Task requirements:
Below are entries with pictures among them; reproduce exactly, and only, the lines from the one containing "Maison en pierre" down to the one containing "4300 NW 3rd", without the pictures.

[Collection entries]
--- --- ---

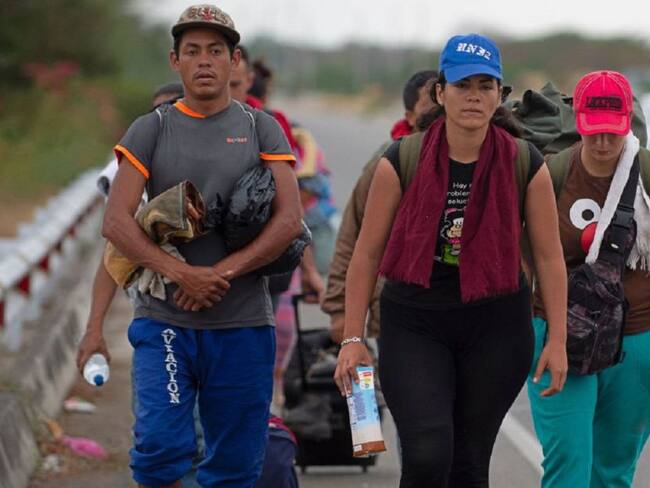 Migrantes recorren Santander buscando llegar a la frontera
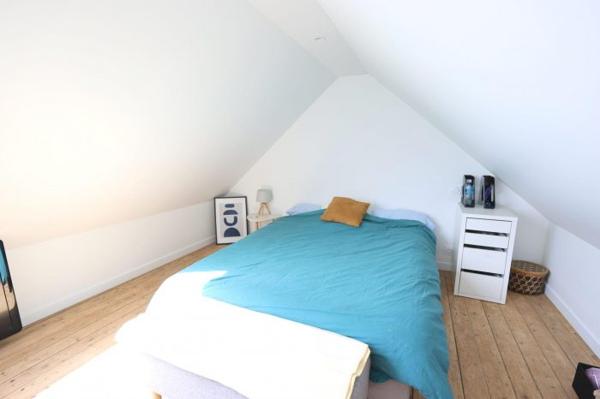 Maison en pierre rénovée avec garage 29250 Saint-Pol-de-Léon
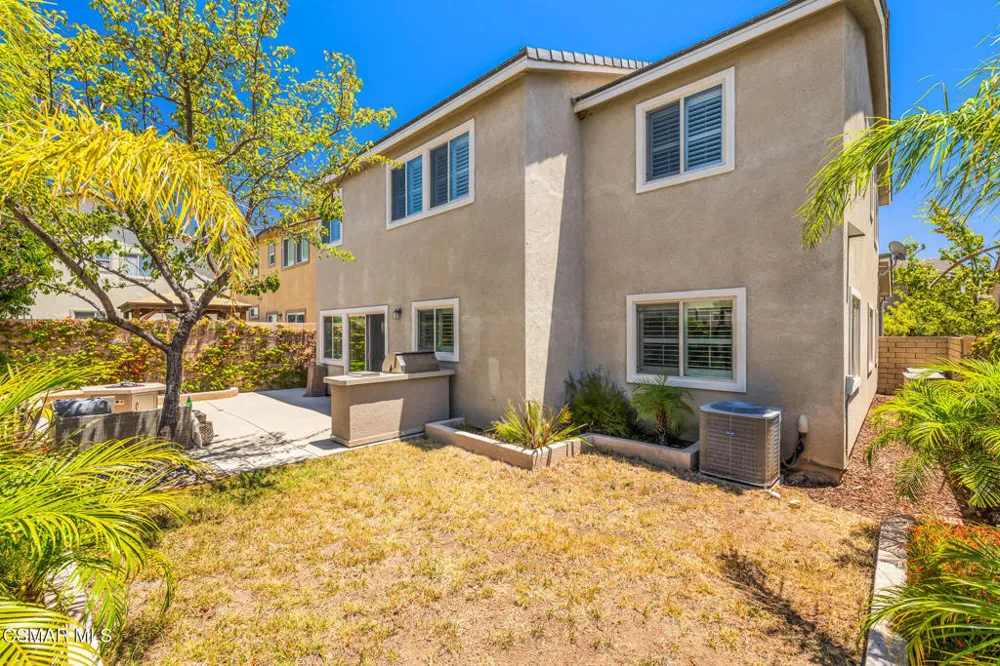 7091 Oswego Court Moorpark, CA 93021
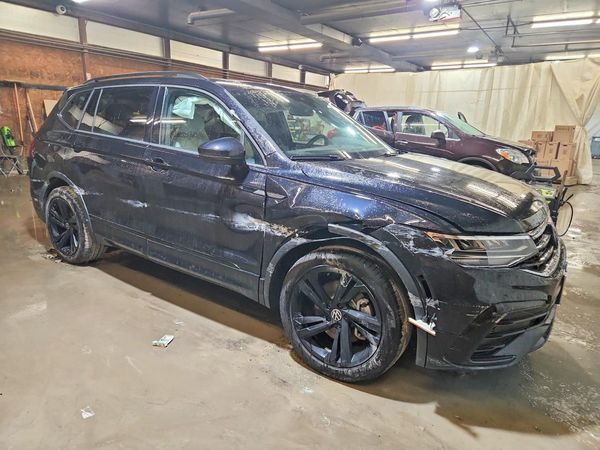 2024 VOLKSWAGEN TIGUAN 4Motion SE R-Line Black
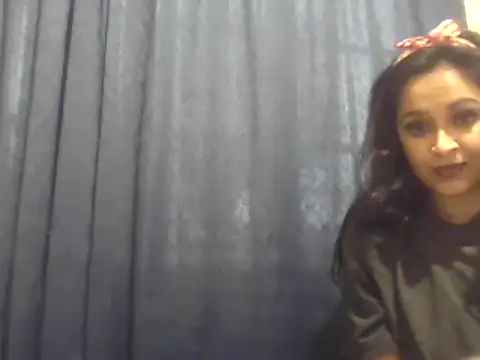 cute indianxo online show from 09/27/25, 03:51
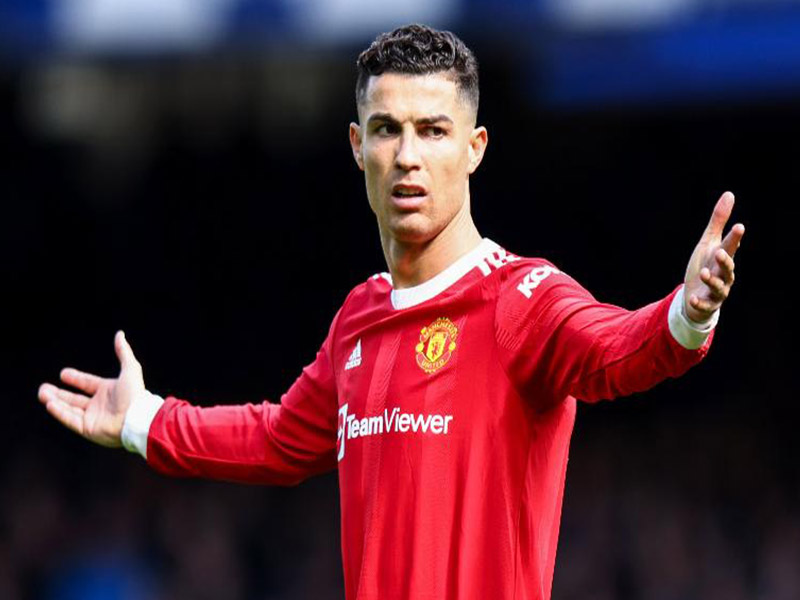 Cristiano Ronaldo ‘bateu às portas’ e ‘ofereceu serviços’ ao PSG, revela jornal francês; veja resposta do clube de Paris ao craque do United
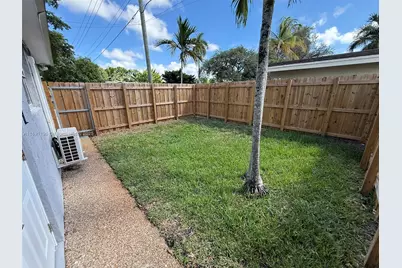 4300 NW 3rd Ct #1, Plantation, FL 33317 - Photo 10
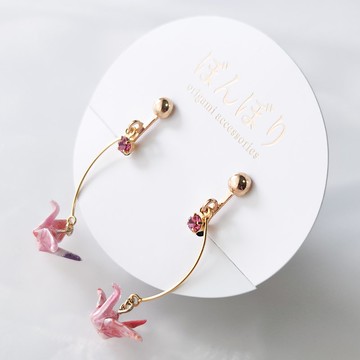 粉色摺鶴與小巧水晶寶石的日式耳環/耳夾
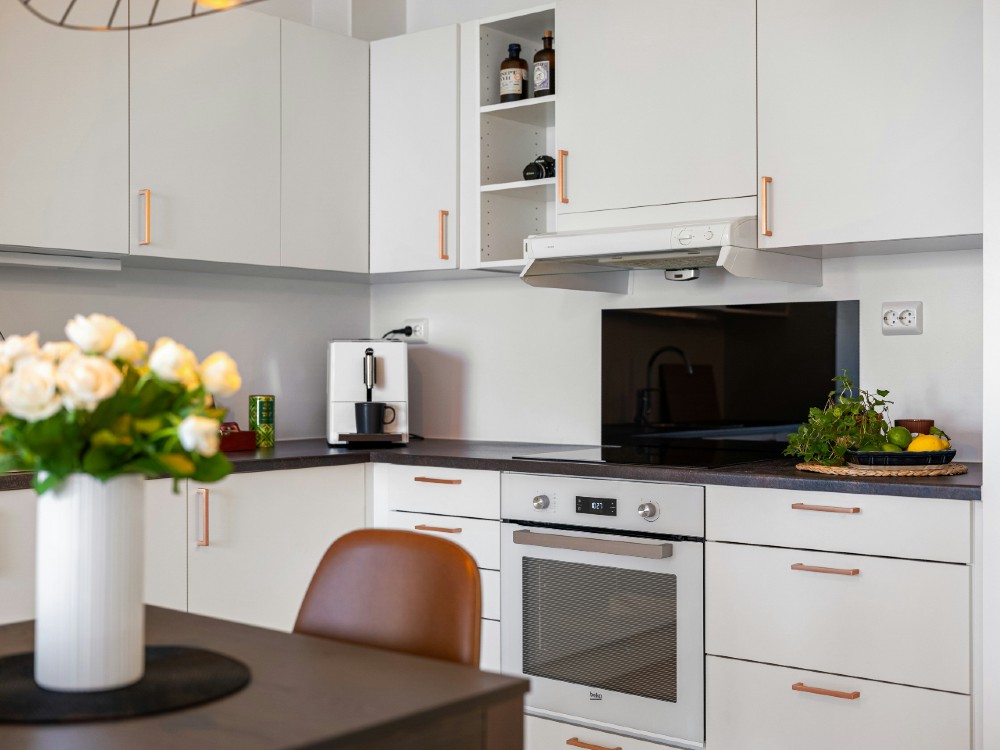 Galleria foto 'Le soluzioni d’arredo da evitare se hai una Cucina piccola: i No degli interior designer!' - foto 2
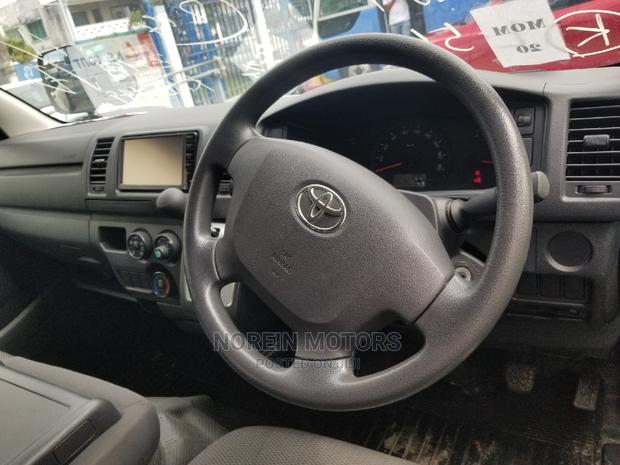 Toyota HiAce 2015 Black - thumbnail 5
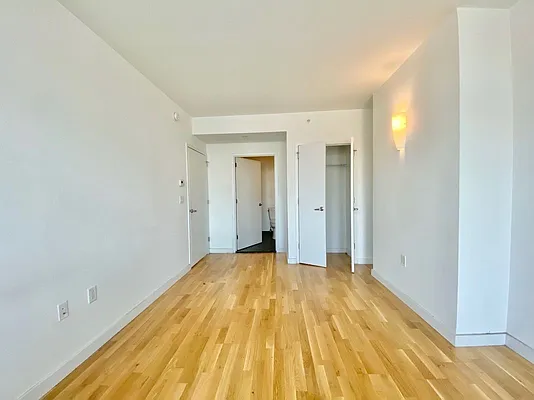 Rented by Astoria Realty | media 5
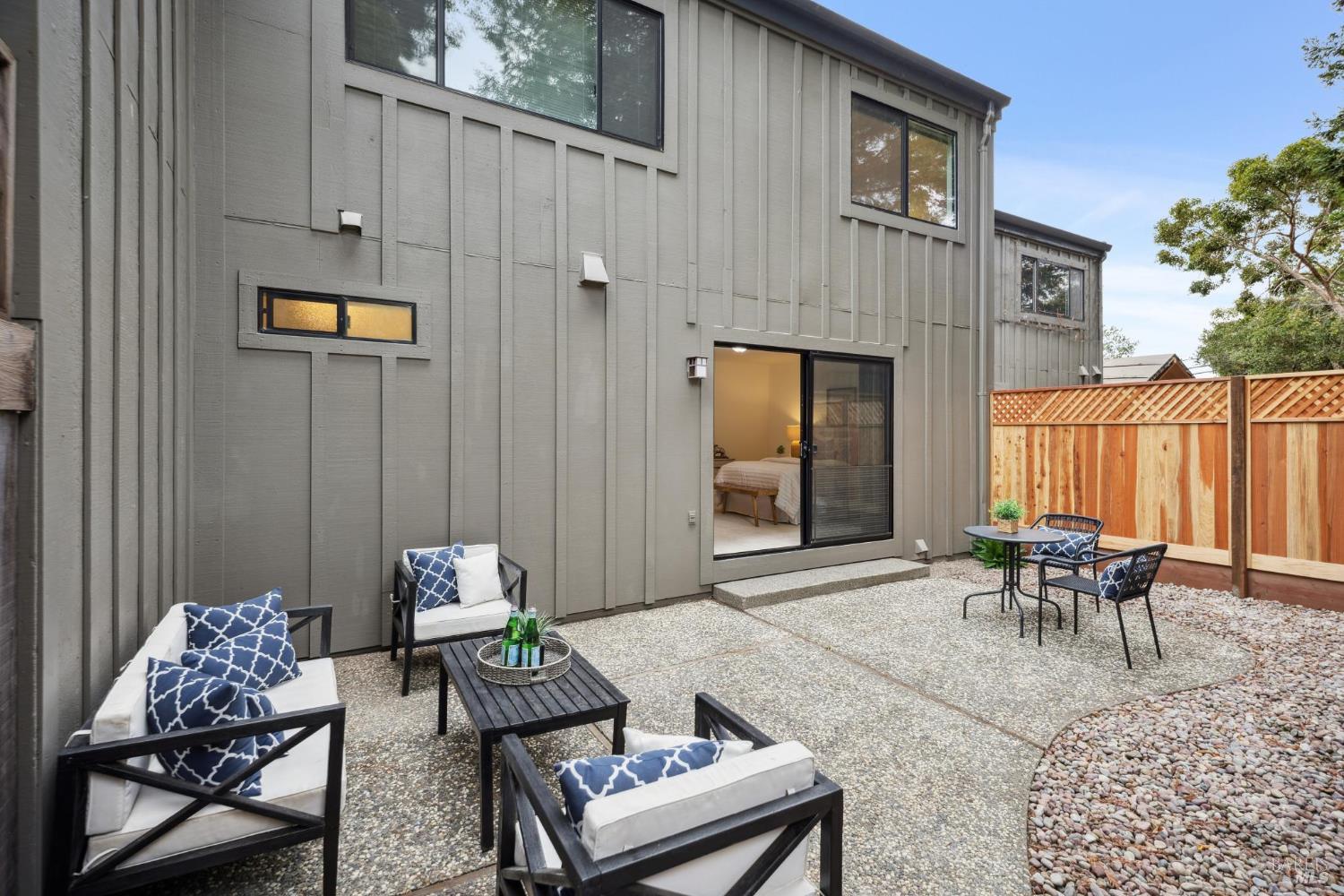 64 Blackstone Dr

--- --- ---

Exercise result:
 Maison en pierre rénovée avec garage 29250 Saint-Pol-de-Léon
 7091 Oswego Court Moorpark, CA 93021
 2024 VOLKSWAGEN TIGUAN 4Motion SE R-Line Black
 cute indianxo online show from 09/27/25, 03:51
 Cristiano Ronaldo ‘bateu às portas’ e ‘ofereceu serviços’ ao PSG, revela jornal francês; veja resposta do clube de Paris ao craque do United
 4300 NW 3rd Ct #1, Plantation, FL 33317 - Photo 10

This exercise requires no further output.